Travailler avec mon staff et mon chorégraphe m'a fait ouvrir les yeux sur le fait que je ne veux pas ressembler à un patineur. Il y en a qui m'ont inspiré et qui m'inspirent toujours, mais je veux avoir mon style à moi. Je veux dire : "Je patine comme Adam Siao Him Fa". Je veux vraiment être unique.
"Je veux essayer d’apporter constamment de la nouveauté et de l’originalité dans mon patinage."
Adam Siao Him Fa, double champion d'Europe de patinage artistiqueà franceinfo: sport
Au micro de France Télévisions, vous disiez également que vous vouliez "faire exploser les réseaux sociaux", pourquoi ?
On est tous connectés, on vit avec les réseaux sociaux. Ils sont une vitrine. Notre sport n'est pas assez valorisé en termes de médiatisation, et c'est aussi une manière d'essayer de lui donner de la visibilité. C'est dommage qu'il n'y ait pas suffisamment de personnes qui s'y intéressent. Si on y contribue tous d'une certaine manière, on y arrivera. Le but, c'est aussi de donner du spectacle au public et au jury.
Votre programme libre aux Europe est un condensé de figures parmi les plus techniques – les quatre quadruples sauts, les Lutz. Pour gagner à Montréal, allez-vous tenter de monter encore d'un cran ?
Je sais qu'ajouter un cinquième quadruple saut – j'ai essayé aux championnats de France – c'est très risqué. D'autant plus que c'est dur physiquement, il faut pouvoir l'encaisser. Et je pense qu'avec ces quatre quadruples sauts, si je patine propre, ce sera beaucoup plus sûr.
Donc pas de backflip…
L'enjeu est différent. Je savais que sur le programme libre, je prendrais de l'avance, donc je me suis permis de le faire. Là, sur les championnats du monde, c'est assez serré avec les autres participants et le moindre point compte.
On lit beaucoup que vous êtes un "grand cérébral", comment le gérez-vous au quotidien et surtout en compétition ?
Je pense à beaucoup de choses quand je patine. J'aime faire les choses bien, qu'elles soient planifiées comme il faut.

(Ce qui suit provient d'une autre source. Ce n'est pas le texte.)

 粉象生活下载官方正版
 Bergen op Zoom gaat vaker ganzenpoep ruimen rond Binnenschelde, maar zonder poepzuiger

Là-dessus, je suis très pointilleux, parfois un peu trop, et il faut que j'arrive à laisser faire le naturel.
Vous êtes suivi par un préparateur mental. La santé mentale est une thématique qui prend de l'ampleur dans le monde du sport. En quoi était-ce essentiel pour vous ?
Ça m'aide beaucoup. Il m'aide à me laisser aller, à patiner sans vraiment réfléchir, mais en ayant conscience de tout ce que je fais. On travaille beaucoup là-dessus, et je sais que je peux encore faire des progrès.
Avec le préparateur mental, je me suis rendu compte de plein de choses dans ma manière de patiner. Cela me permet de travailler plus méthodiquement. Il m'apprend aussi à faire abstraction de beaucoup de choses et à me concentrer sur l'instant présent.
On a vu que vous êtes rapidement capable de prendre sur vous et de vous remettre dans le programme, même si quelque chose ne s'est pas bien passé. C'est grâce à cette préparation mentale ?
C'est un travail que je fais au quotidien. Je ne me dis pas : "J'ai raté là, il faut que j'assure la suite." Je me dis plutôt : "Ce n'est pas grave, on oublie, le programme n'est pas terminé, je dois me battre jusqu'au bout".